Examiner ViewPublished on Tuesday, July 20, 2004
KEVIN LAM DIED on the way to the hospital Sunday night after he apparently was hit by a pickup truck, his death tragically dramatizing complaints that some San Francisco streets have become terrifying gantlets where pedestrians risk their lives just getting to the other side.
The San Francisco Medical Examiner's Office identified Lam as the man who was hit in the intersection of 16th and Bryan streets at around 9 p.m. Sunday. The driver of the truck did not even bother to stop to see if Lam was hurt. Witnesses reportedly told police that Lam was crossing the street with a green light to catch a bus, but neighbors told The Examiner on Monday that the intersection was dangerous, and they weren't surprised to hear that someone was hurt there.

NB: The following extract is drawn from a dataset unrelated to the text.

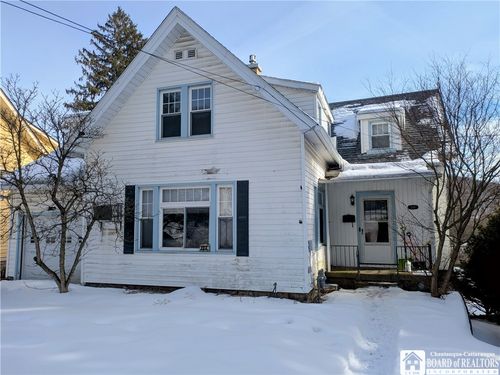 204 Jackson Ave, Bradford, PA, 16701-1318 | Card Image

It was only coincidence, albeit an eerie one, that residents and pedestrian activists gathered the morning after Lam was hit for a planned protest on the other side of the Mission District, at Cesar Chavez and Guerrero streets. They were there to draw attention to what they say are hazardous conditions for the St. Luke's Hospital patients, students and parents from one of six nearby schools and other pedestrians that make the crossing there.
Admirably, neighbors aren't just complaining and waiting for someone else to fix the situation. They put together $5,000 to pay for printing and installing banners in both Spanish and English urging drivers to slow down. That may not prove to be enough, but their initiative is commendable.

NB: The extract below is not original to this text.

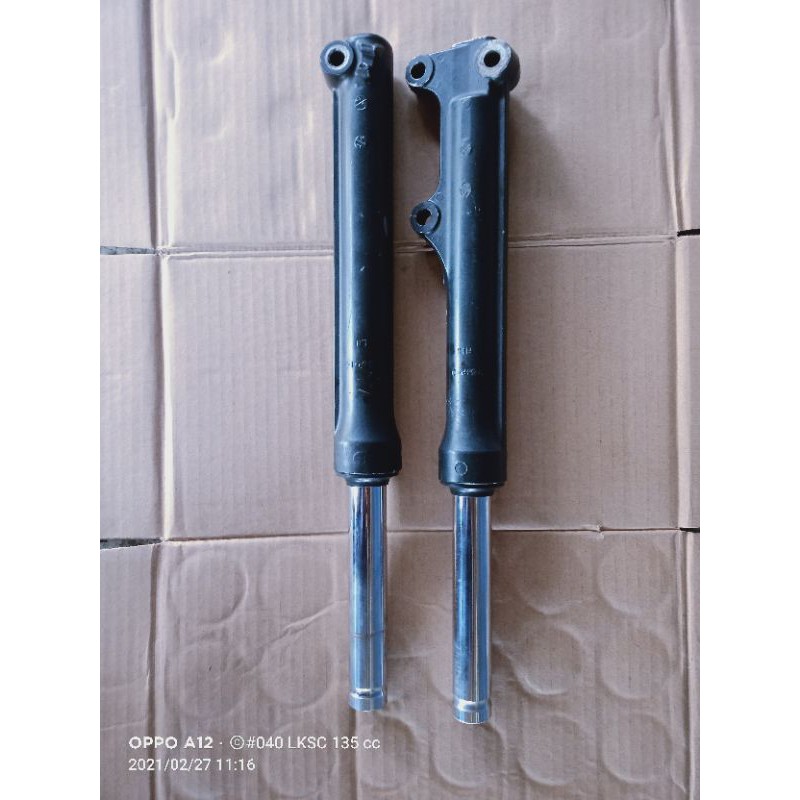 shockbreaker depan Yamaha Mio sporty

And on Thursday, the Board of Supervisors' City Services Committee is scheduled to consider a proposal to modify traffic patterns in the area of Guerrero Street and San Jose Avenue, in the interest of pedestrian safety. Now that city supervisors are thinking about the issue, perhaps now would be a good time to work with neighborhood residents for tangible progress toward making the entire city safer for pedestrians, from San Francisco State University students getting off the bus at 19th and Holloway avenues to business commuters hurrying across Fourth and Folsom streets.
The National Highway Traffic Safety Administration ranked has San Francisco the fourth most dangerous among large cities across the nation. San Francisco may rightly be proud of its many distinctions, but the being known as one of the worst places to walk is a reputation it should make every effort to erase.